Shock Waves 2003 Horror Movie Review
Horror movies Review
Shock Waves starts out promisingly enough, with a great intro about the Nazi ‘death corps’ and a girl who gets rescued after floating at sea in a dinghy. Things pretty much go downhill from here as a series of slow moving disappointing sequences follows, as the annoying characters are shipwrecked and are picked of one by one by the Nazi zombies. The death scenes were kind of anticlimactic. If these were scarier, gorier or more inventive the film would definitely benefit but I thought the concept of the film was just wasted. Shock Waves was a low budget horror movie with few special effects… actually not very special effects at all. We’re talking half a dozen “zombies” which are basically people in Nazi uniforms holding their breath underwater. The cast apart from Brooke Adams (The Dead Zone) are unknowns, with guest appearances from horror legends John Carradine and Peter Cushing. The concept of underwater Nazi zombies is very interesting and was also used in to other films during the early 80’s with Oasis of the Zombies and Zombie Lake, I really haven’t seen either one of those films so I can’t really compare this with those two but I heard that this was the best out of the other two which share the same concept. When a boat cruise crashes into a deserted battleship they end up stranded on a deserted island that’s only inhabitant is Nazi doctor Peter Cushing who’s been living in an abandoned hotel for countless years.

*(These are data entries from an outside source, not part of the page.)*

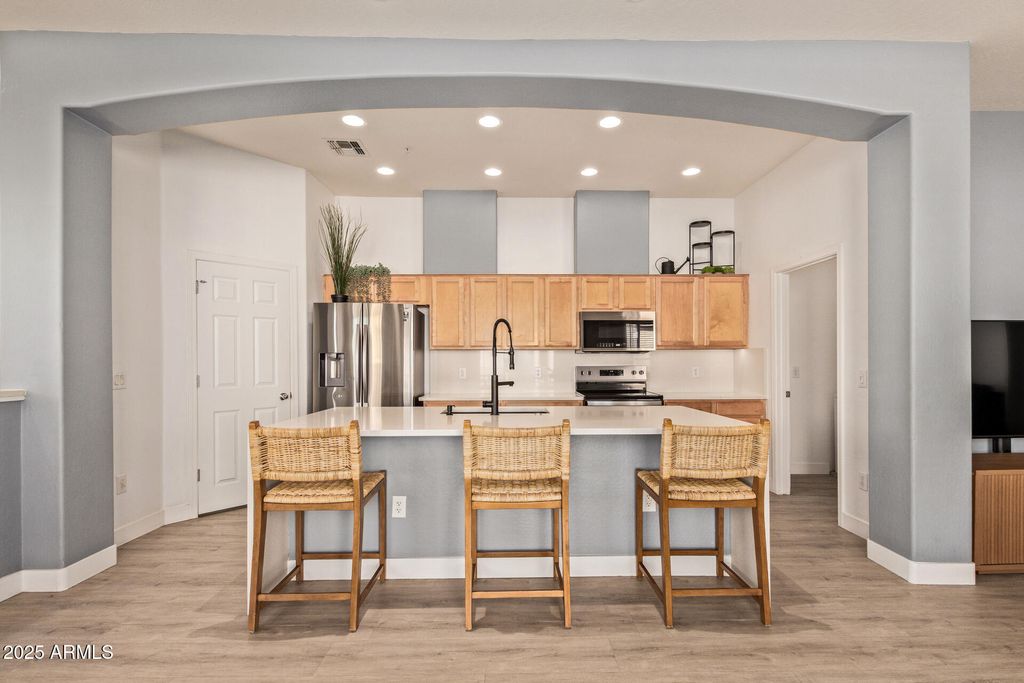 Photo of 42424 N Gavilan Peak Parkway #53206, Anthem, AZ 85086 (MLS # 6954184)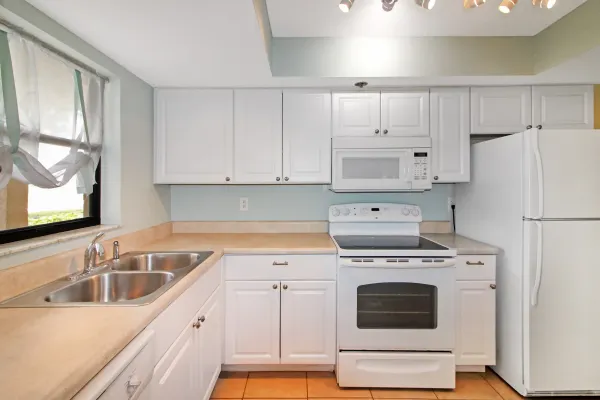 104 Capri Isles Blvd 107, Venice, Florida 34292, 1 Bedroom Bedrooms, ,1 BathroomBathrooms,Condo,Annual Rental,Capri Isles Blvd,3078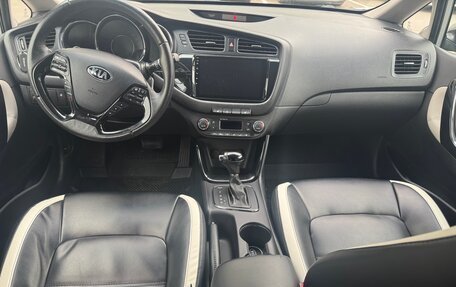 KIA cee'd III, 2014 год, 1 360 000 рублей, 24 фотография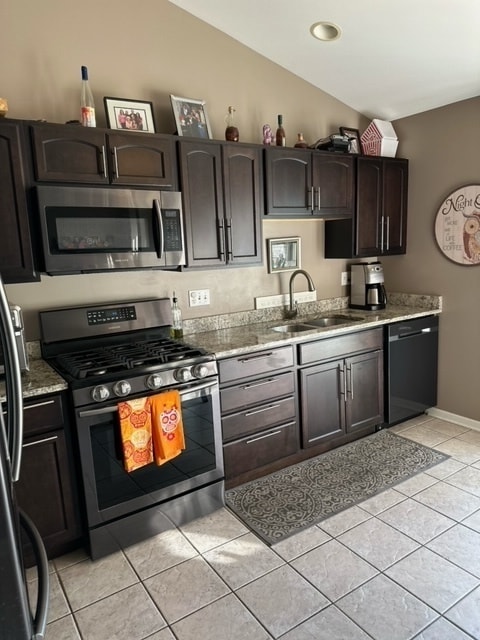 777 Stonewall Ct in Schaumburg, IL - Building Photo - Building Photo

Things get even worse when it turns out the island is surrounded by some underwater, goggle-wearing Nazi super-soldier zombies that have come out of their watery graves to prey on them.
This low-budgeter has garnered a cult following since its 1976 release, the good thing is that it was decent and wasn’t half bad, while this isn’t the most exciting flick it’s still quite watchable thanks to director/co-writer Ken Wiederhorn (who’d go on to do Return Of The Living Dead Part II) who fills the movie with lots of striking images of the zombies rising from the water, stalking their prey and doing all the bad things Nazi zombies generally do. However the film was a bit talky and a bit slow going; but there’s enough here to make it worth a viewing and it also benefits from having genre veteran Peter Cushing in a side role (even if he’s really only on hand to help explain the plot). I was actually surprised by this dvd from Blue Underground which has more special features than expected, which is kind of strange for an obscure cult zombie flick. There’s a trailer, TV spots, radio spots, comprehensive still galleries (of posters, promo shots and production shots), a interview with co-star Luke Halpin and an enjoyable commentary track with Weiderhorn, Alan Ormsby (who did the make-up) and Fred Olen Ray. The picture quality was kind of weak, this only manages to be a step above video in the quality department with so-so clarity and a bunch of grain; but it’s the first time the film has been in widescreen and it’s been long out-of-print so I understand if the image wasn’t so good. Overall I would say that it was average, if you’re a hard core horror or zombie fan then you might be interested in watching this, enjoy.